We who inherited the Constitution and the Sermon on the Mount and have nevertheless treated borders as moral absolutes helped build the machinery you now wield. We watched our elected officials trade the stranger’s welcome for the comfort of exclusion, and we did not stop them. We are all responsible for what we are building. It is not enough to say you are enforcing the law when you are dismantling the very concept of belonging that the law was supposed to guarantee. Any administration can wield this machinery. When Democrats controlled the Senate, the machinery was merely idled; idle machines rust, but they do not forget how to run. Fairness demands we name the cruelty exactly as it is, regardless of which coalition’s badge is stitched onto the immigration judge’s robe.
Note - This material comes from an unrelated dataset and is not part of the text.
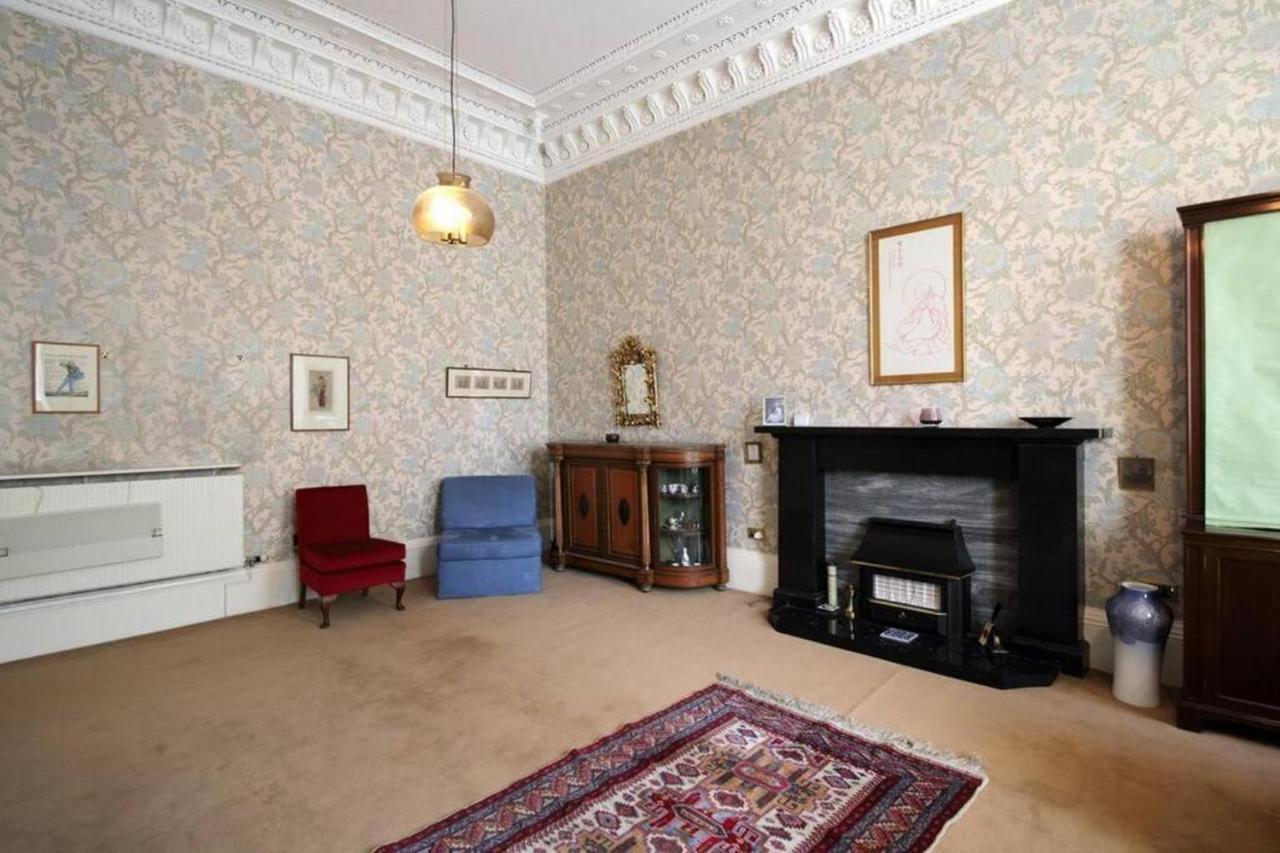 Quirky, West End, Edinburgh Houseアパートメント エクステリア 写真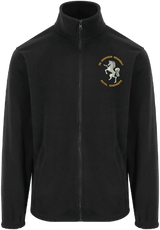 36 Engr Regt Zipped Fleece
You treat the naturalization oath as a blank check for future suspicion rather than a sworn seal of mutual allegiance. Denouncing the naturalized citizen as a potential enemy turns the courtroom into a trial where the accused must disprove guilt that does not exist. This is not the architecture of law; it is the architecture of a police state disguised as jurisprudence. A house built on the revocable citizenship of its people is not a nation; it is a precarious camp, and one day, the winds will blow.
The door to return is open, though you have made the threshold treacherous. Stop the repression, lay down the memo, and let the naturalized citizen stand secure in the promise that brought them here. The machinery of denaturalization is not about justice. It is not about law. It is about power. Whatever you do to the least of these, you do to him.